Chapter Twenty-Nine
LONDON
England
Jefferson wrote that his youngest daughter would soon arrive and asked me to look after her until he could come from Paris
to fetch her. It was a favor I was glad to do, at least until the little waif arrived at my door . . .
There I found the eight-year-old clinging to the leg of the ship’s captain who delivered her. My frustrated butler had summoned
me, unable to persuade the little girl to cross the threshold.
Now I wasn’t having any more luck.
Whereas her older sister Patsy had the look of her father stamped on her freckled features, the younger Miss Jefferson must’ve
favored her mother—delicate as a sparrow, with darker hair and eyes.
I assumed a girl of such delicate frame would have a soft temperament to match. But I realized how mistaken I was on that
count when Polly refused to come inside. “You’re just going to trick me like everyone else!”
The captain’s cheeks colored at her outburst, explaining, “Miss Polly’s relations enticed her onto the ship with a promise
of picnic and play with her nursemaid here. We were told not to set sail until after the girl fell asleep for a nap.”
With that, the captain’s eyes flicked to the shadowed portion of my stoop, where I was startled to see another girl—this one
a taller copy of the first, and not much older. She must be a relation, but I’d eat my bonnet if she was any older than fourteen.
Why, Mr. Jefferson had said his daughter would be traveling in the company of an old nurse. How could his relations entrust his precious daughter into the charge of another girl scarcely old enough to care for herself?
“This is Sally,” the captain said, drawing the servant girl into the sunlight, at which point I realized that if she were
kin to Polly Jefferson, it could never be acknowledged. For Sally was a mulatto, with amber eyes and a complexion of pale
but unmistakable fawn.
Nevertheless, she had the temerity to correct the captain about her name. “Sally Hemings,” she said, with a curtsey.
I recognized the name and smiled. “In Paris, Mr. Jefferson introduced me to James Hemings. Is there a relation?”
Sally gave a prideful tilt of her chin. “My brother.”

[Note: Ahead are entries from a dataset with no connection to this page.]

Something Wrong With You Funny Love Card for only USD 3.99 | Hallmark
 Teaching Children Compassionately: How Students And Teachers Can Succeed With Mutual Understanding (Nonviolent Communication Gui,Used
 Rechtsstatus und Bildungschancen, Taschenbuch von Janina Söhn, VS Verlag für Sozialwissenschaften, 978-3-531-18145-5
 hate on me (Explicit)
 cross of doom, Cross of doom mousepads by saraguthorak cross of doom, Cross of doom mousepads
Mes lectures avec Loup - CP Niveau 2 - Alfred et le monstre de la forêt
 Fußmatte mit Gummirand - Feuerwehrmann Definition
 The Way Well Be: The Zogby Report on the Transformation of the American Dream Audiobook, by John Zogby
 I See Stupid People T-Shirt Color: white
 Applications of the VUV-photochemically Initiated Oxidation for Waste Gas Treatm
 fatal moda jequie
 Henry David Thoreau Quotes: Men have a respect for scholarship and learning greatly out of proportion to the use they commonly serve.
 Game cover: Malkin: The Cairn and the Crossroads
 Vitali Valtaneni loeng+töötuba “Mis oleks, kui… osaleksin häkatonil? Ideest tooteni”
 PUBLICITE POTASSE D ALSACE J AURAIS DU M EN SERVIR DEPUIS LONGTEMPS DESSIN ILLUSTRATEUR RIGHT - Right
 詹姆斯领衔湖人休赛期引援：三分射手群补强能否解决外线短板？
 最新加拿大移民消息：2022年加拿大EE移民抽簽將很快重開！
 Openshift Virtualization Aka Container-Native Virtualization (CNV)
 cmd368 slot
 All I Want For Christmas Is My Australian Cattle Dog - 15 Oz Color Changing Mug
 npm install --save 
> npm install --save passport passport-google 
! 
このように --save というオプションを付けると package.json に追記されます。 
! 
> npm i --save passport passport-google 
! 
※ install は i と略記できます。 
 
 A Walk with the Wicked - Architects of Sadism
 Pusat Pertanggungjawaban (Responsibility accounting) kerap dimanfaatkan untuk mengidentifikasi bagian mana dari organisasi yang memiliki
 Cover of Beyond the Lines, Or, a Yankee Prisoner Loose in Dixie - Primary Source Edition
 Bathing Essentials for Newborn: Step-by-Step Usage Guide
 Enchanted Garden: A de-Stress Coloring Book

“Well then, you see, we all know each other after a fashion. We shall get to know each other even better over some cakes and
lemonade. Won’t you like that, girls?”
It had been a while since I dealt with children so young, and I practically had to pry Polly’s hand out of the captain’s so
she could take a seat at my table. There, with tears on her face, she gulped down lemonade. Then she shoved bites of cake
into her mouth like a savage. She’d been five weeks at sea and, but for Sally, with men only, so that she was as rough as
a little sailor.
She continued to express how very angry she was at all the deceptions; I was apprehensive that she’d be a troublesome child.
But my heart went out to her when she began to sob all over again.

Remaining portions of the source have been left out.